◆ **What the exercise asks**
Please repeat the listing below exactly, but do not include its pictures.

□ □ □ □ □ □ □

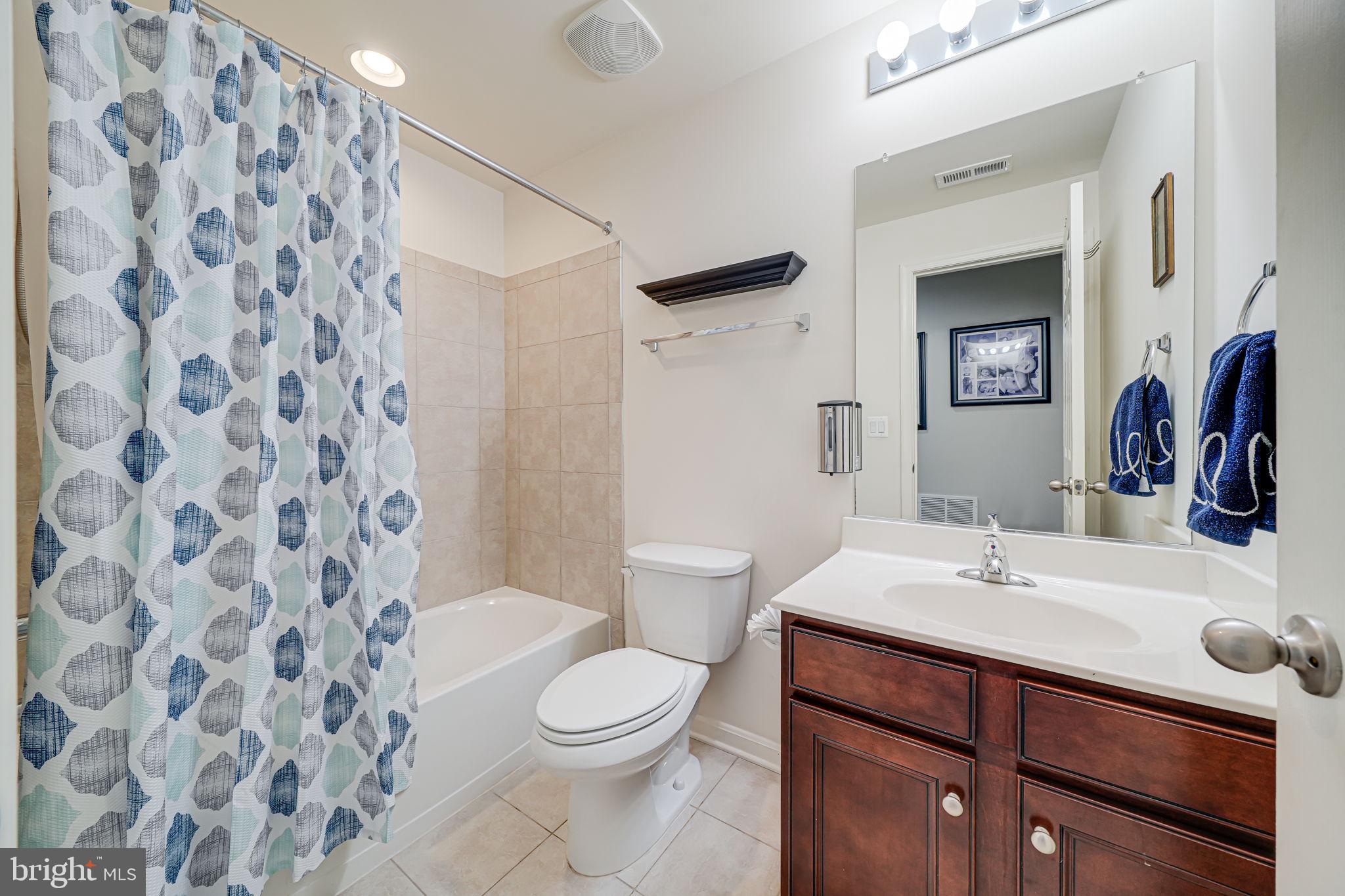 HOPE HILL CROSSING - Residential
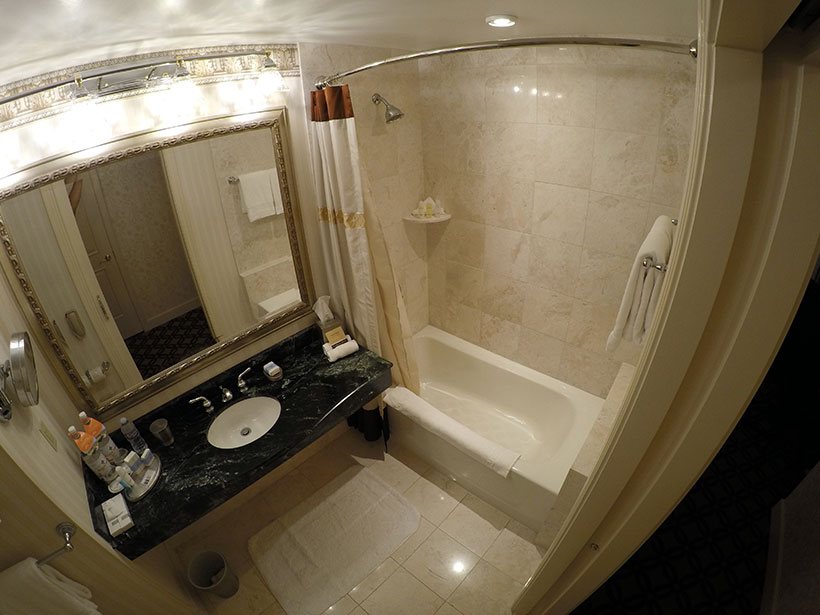 Visão global do banheiro do Omni Hotels de SF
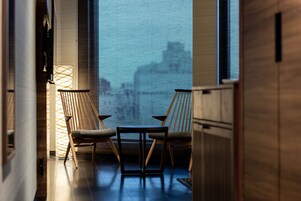 [Non-Smoking] Luxury Twin | In-room safe, desk, laptop workspace, blackout drapes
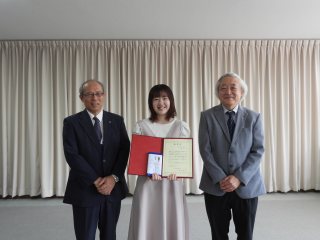 左から上本学長、走出さん、永田会長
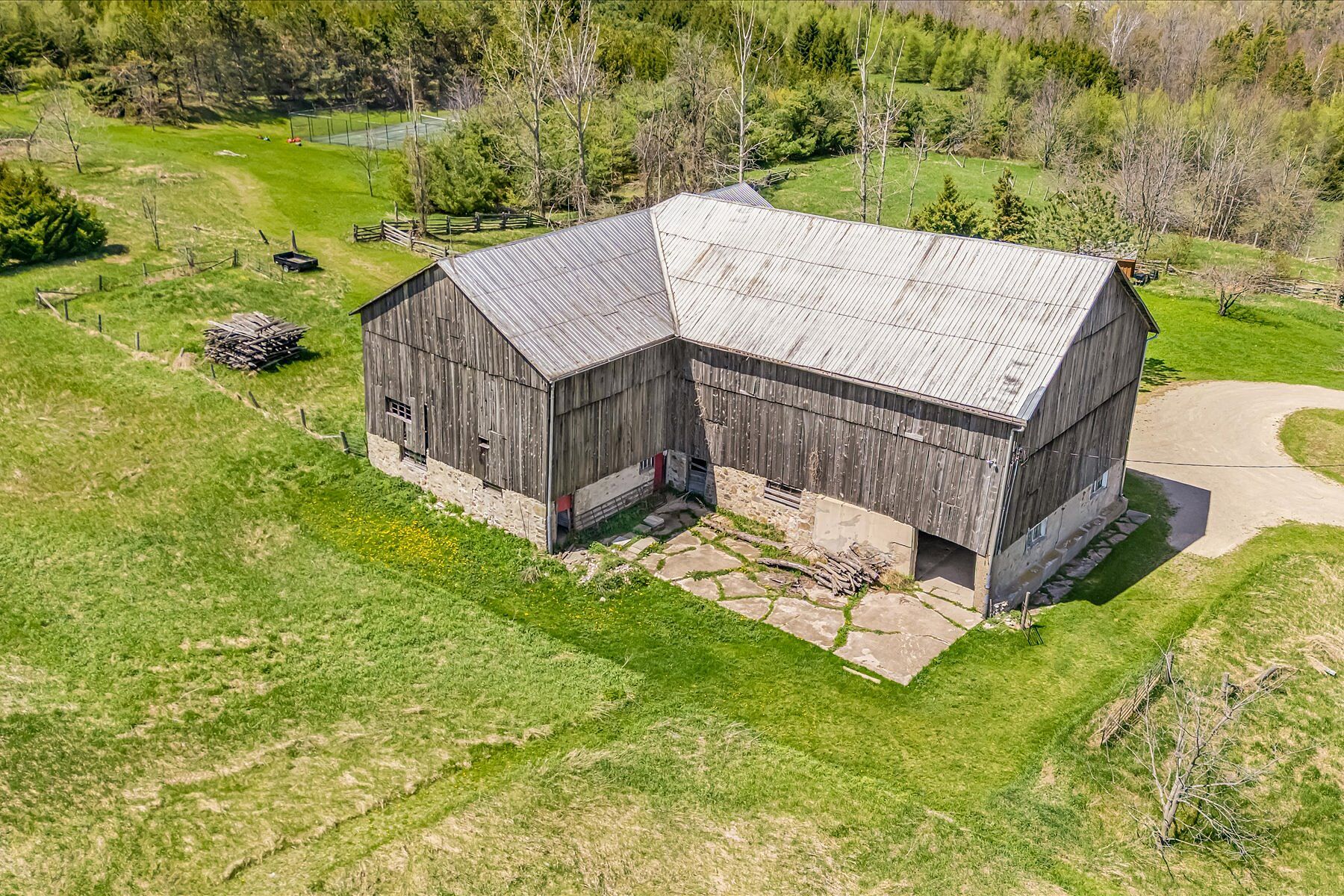  88-Acre Mulmur Estate - 物件實景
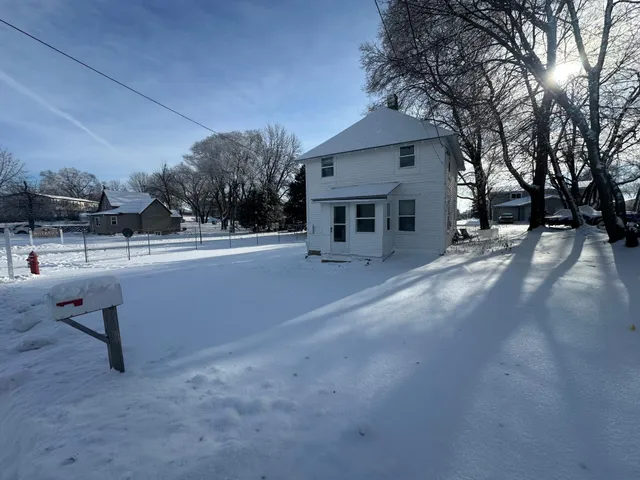 $129,000 | 327 9 1/2 Street South, Sauk Centre, MN 56378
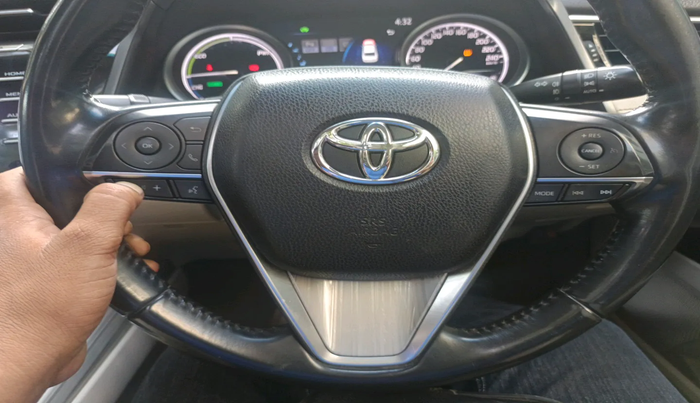 2019 Toyota Camry HYBRID, Hybrid, Automatic, 64,775 km, interior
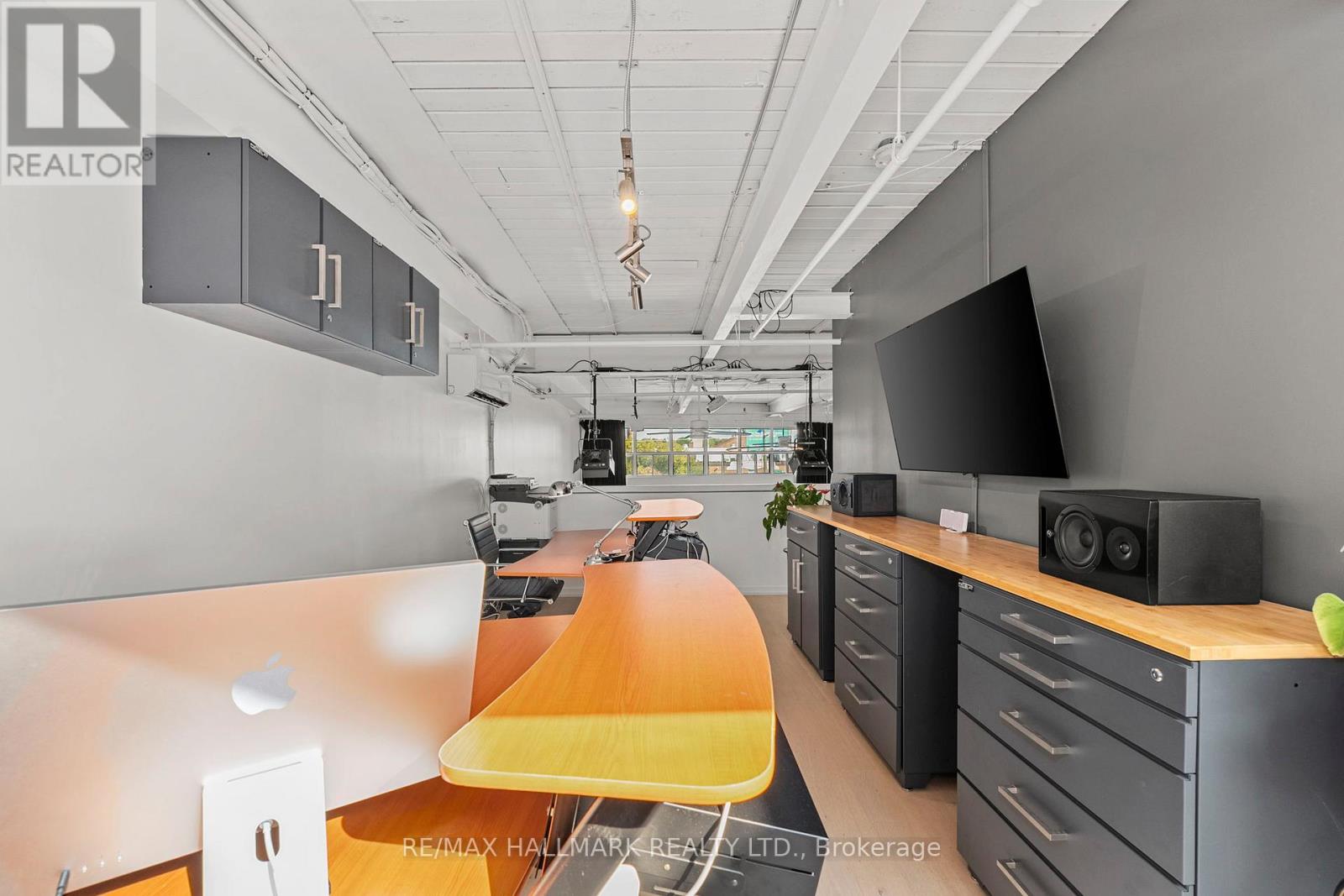 226 - 1173 Dundas Street E, Toronto, Ontario M4M 3P1 - Photo 23 - E13699242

□ □ □ □ □ □ □

◆ **Answer section**
 HOPE HILL CROSSING - Residential
 Visão global do banheiro do Omni Hotels de SF
 [Non-Smoking] Luxury Twin | In-room safe, desk, laptop workspace, blackout drapes
 左から上本学長、走出さん、永田会長
  88-Acre Mulmur Estate - 物件實景
 $129,000 | 327 9 1/2 Street South, Sauk Centre, MN 56378
 2019 Toyota Camry HYBRID, Hybrid, Automatic, 64,775 km, interior
 226 - 1173 Dundas Street E, Toronto, Ontario M4M 3P1 - Photo 23 - E13699242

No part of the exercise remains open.